AtlasOfLivingAustralia / biocache-service

Occurrence & mapping webservices
https://biocache-ws.ala.org.au/ws/
Other
9 stars 26 forks source link

Configurably reject all-records queries #350

Closed ansell closed 9 months ago

ansell commented 5 years ago

We cannot support many concurrent all-records queries because of infrastructure budget limitations. One source of long queries are queries for everything text:*, q=*, q=*:*. It would be useful to optionally blacklist these queries in biocache-service to prevent them being executed instead of letting them get to the timeout and users fail to get results in those cases anyway. User interfaces could be configured to detect these calls and reject them preemptively, but there are many UIs directly accessing biocache-service, so the blacklisting needs to be done at this level to be effective.

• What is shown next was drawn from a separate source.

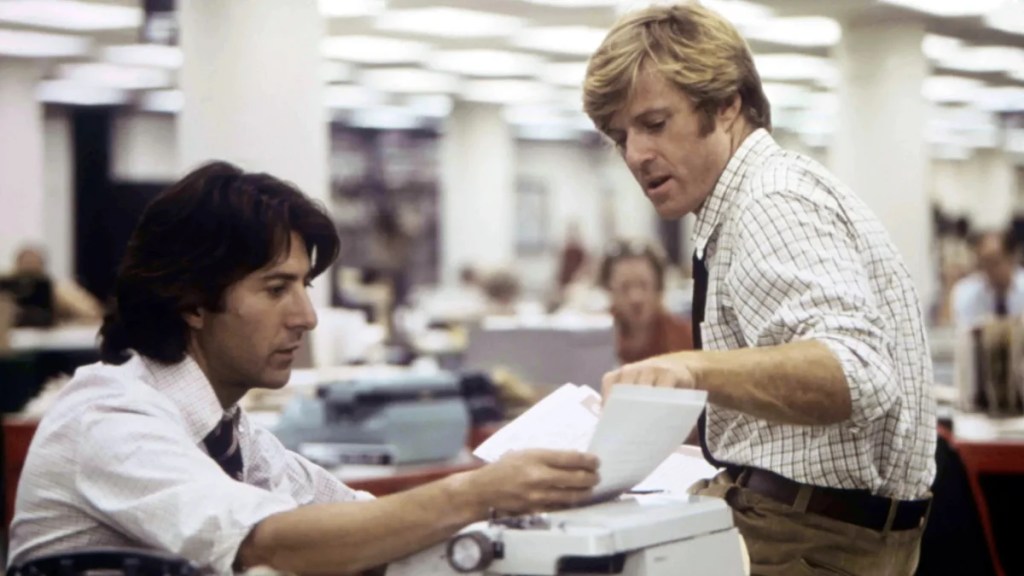 Dustin Hoffman (à gauche) et Robert Redford (à droite) sont assis à un bureau et consultent des papiers "Tous les hommes du président"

ansell commented 5 years ago

These queries also have the potential to affect bie-index performance through calls to

2019-01-04 11:19:46,389 [http-bio-8080-exec-373] INFO au.org.ala.biocache.service.SpeciesLookupRestService (SpeciesLookupRestService.java:396) - Requesting: https://bie.ala.org.au/ws/guid/batch?q=*

ansell commented 5 years ago

Another outage today was caused by this qid, which might as well be requesting everything even though it has two basic filters on it that don't cut it down very far https://biocache-ws.ala.org.au/ws/qid/1559327224101

ansell commented 5 years ago

Another short outage today caused by a similar query https://biocache-ws.ala.org.au/ws/qid/1567141555695

ansell commented 4 years ago

Another outage today caused by text:*

ansell commented 4 years ago

Also need to configurably block all of these generic spatial portal filters unless other more specific filters are included as biocache-service/solr cannot handle them and people need to be taught to be more specific in their queries:

https://biocache-ws.ala.org.au/ws/qid/1585004472884

{
  "rowKey": "1585004472884",
  "q": "geospatial_kosher:true",
  "displayString": "Spatial validity:Spatially valid",
  "wkt": "",
  "lastUse": 1585101191084,
  "fqs": [
    "-occurrence_status_s:absent",
    "longitude:[112 TO 154]",
    "latitude:[-44 TO -9]"
  ],
  "maxAge": -1
}
ansell commented 4 years ago

Also need a way of configurably blocking bogus queries caused by other ALA products that have coding bugs which are not being fixed in the relevant products such as the following:

text:undefined
text:null
qid:undefined
qid:null
nickdos commented 3 years ago

@alexhuang091 this issue is relevant to my post on Slack about NOT failing-over to *:* when no q param is detected.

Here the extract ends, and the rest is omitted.